Entre 25 e 28 de setembro 2024, o Programa de Pós-graduação em Planejamento Territorial e Desenvolvimento Socioambiental da Universidade do Estado de Santa Catarina (PPGPLAN-UDESC) realizou o VII SEDRES - Seminário de Desenvolvimento Regional, Estado e Sociedade, com o tema “Os desafios do desenvolvimento socioambiental e as horizontalidades: pontes entre a região, o Estado e o cotidiano”[1]. O SEDRES é um seminário itinerante articulado e organizado por programas de pós-graduação filiados à ANPUR (Associação Nacional de Pesquisa e Pós-graduação em Planejamento Urbano e Regional) e que tem por objetivo estabelecer um canal de interlocução em torno da temática específica do desenvolvimento regional. Desde a primeira edição já passou pelas cidades de Rio de Janeiro/RJ (2012) Campina Grande/PB (2014), Blumenau/SC (2016), Palmas/TO (2018), Taubaté/SP (2021) e Crato/CE (2022). Após Florianópolis/SC sediar o evento em 2024, ele será realizado em Marabá/PA em 2026.

Ao trazer a potência das horizontalidades e do cotidiano, presente na temática do evento, o VI SEDRES nos convida a revisitar as contribuições e heranças do geógrafo Milton Santos para o campo do Planejamento e do Desenvolvimento Regional.

Tendo se aproximado do planejamento a partir de seu estado natal, a Bahia, as ideias críticas de Milton Santos sobre o campo moldam-se em perspectiva internacional, especialmente a partir de sua experiência do exílio, entre 1964 e 1977. Em seu trânsito por universidade e instituições na França, EUA, Canadá, Peru, Venezuela e Tanzânia, desenvolve sua crítica mais contundente ao planejamento territorial, ao observar como o processo de internacionalização da economia subordina as regiões a interesses externos, tornando-as derivadas de necessidades alheias às suas populações, e assevera: "da mesma maneira que nós planejamos o desenvolvimento, há aqueles que estão nos planejando o subdesenvolvimento, porque não temos o comando” (Santos, 1972, p. 323 apud Leite, 2019, p. 152).

Ao retornar ao Brasil, em 1977, Milton Santos se engaja profundamente na discussão da constituinte, e o tema da cidadania passa a orientar sua concepção de planejamento e de desenvolvimento, resultando na formulação de conceitos como o de espaço banal, horizontalidades e verticalidades, saber local e, como síntese, de território usado.

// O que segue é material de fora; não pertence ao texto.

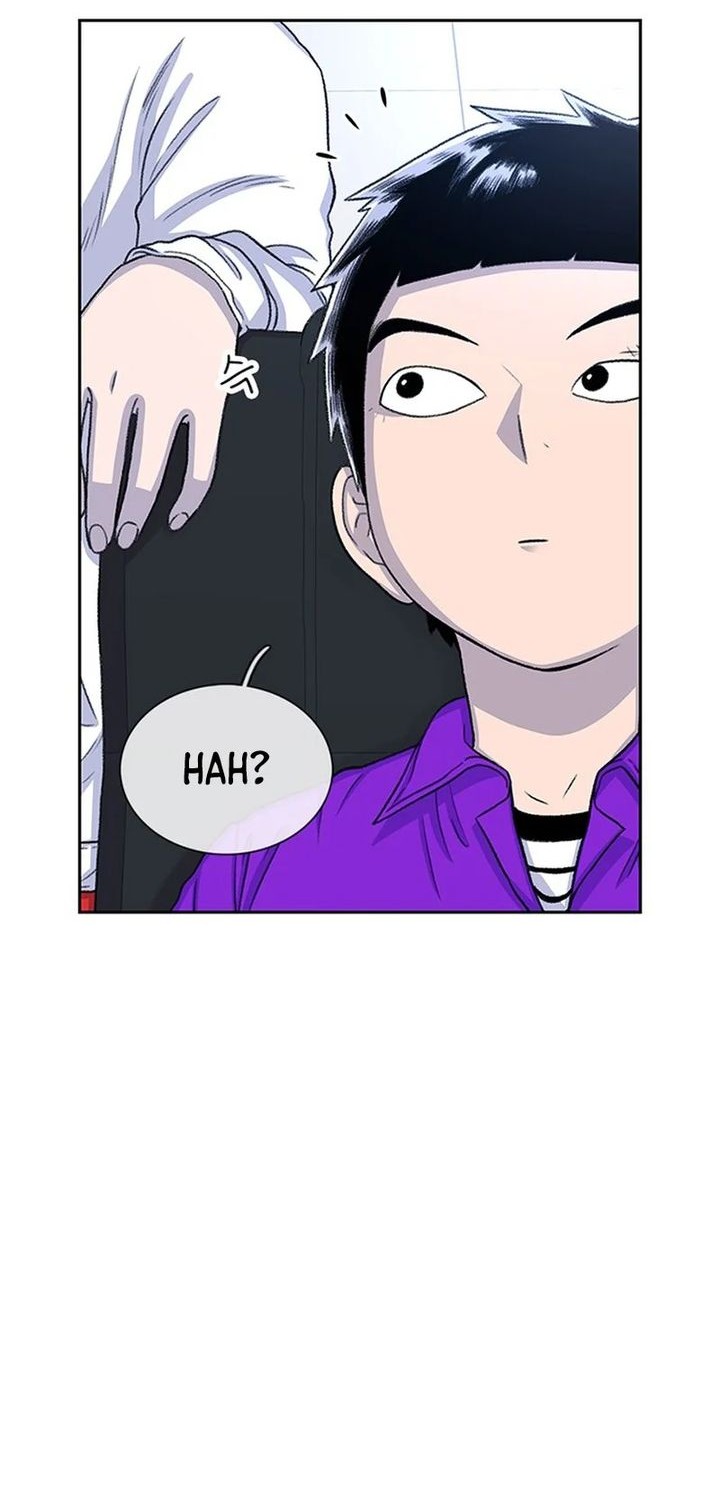 Star Ginseng Store chapter 54 halaman 22
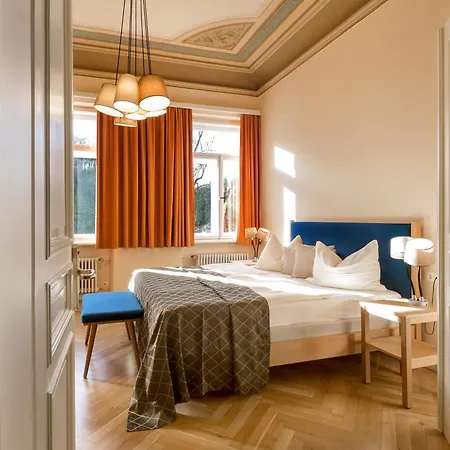 Wildbad Rothenburg Hotel 2*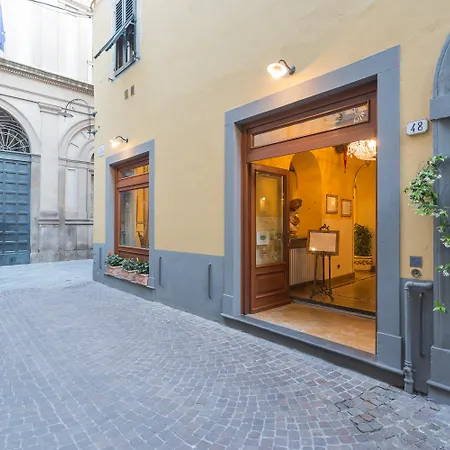 Palazzo Alexander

Através do olhar deste geógrafo, entendemos que as correntes hegemônicas do Planejamento Urbano e Regional são funcionais à política das grandes empresas, ou seja, o planejamento territorial capitalista significa "a produção da ordem para as empresas e da desordem para todos os outros agentes, e para o próprio território” (Santos, 1999, p. 21). É justamente na contraposição de um planejamento que trabalha com o “espaço econômico” que Milton Santos elabora um novo conceito de partida, o de “espaço banal”.

O espaço econômico (que Santos apropria de Perroux) é o espaço dos fluxos dominantes, dos comandos externos, ou seja, é o circuito superior da economia. É um espaço de pontos e redes, seletivo e excludente. Santos o associa às “verticalidades” – forças que conectam o lugar verticalmente aos circuitos globais, frequentemente impondo lógicas externas. É o espaço privilegiado pelo planejamento tradicional.

Em oposição, o espaço banal é o espaço de todos. É o espaço da contiguidade, da vida cotidiana, da comunhão e da comunicação. É o território vivido por "todos os homens, não importam as suas diferenças; de todas as instituições, não importa a sua força; de todas as empresas, não importa o seu poder” (Santos, 1996, p. 9). Santos o associa às horizontalidades – o conjunto de relações e fluxos que se estabelecem entre os atores locais co-presentes no território.

A opção pelo espaço banal implica, necessariamente, em valorizar a escala do cotidiano. Para Milton Santos, é na vida cotidiana, no lugar, que se encontram as sementes para a construção de futuros alternativos. É aqui que sua obra adquire um tom profundamente esperançoso e original. Ele inverte a lógica convencional sobre quem detém o poder de moldar o futuro.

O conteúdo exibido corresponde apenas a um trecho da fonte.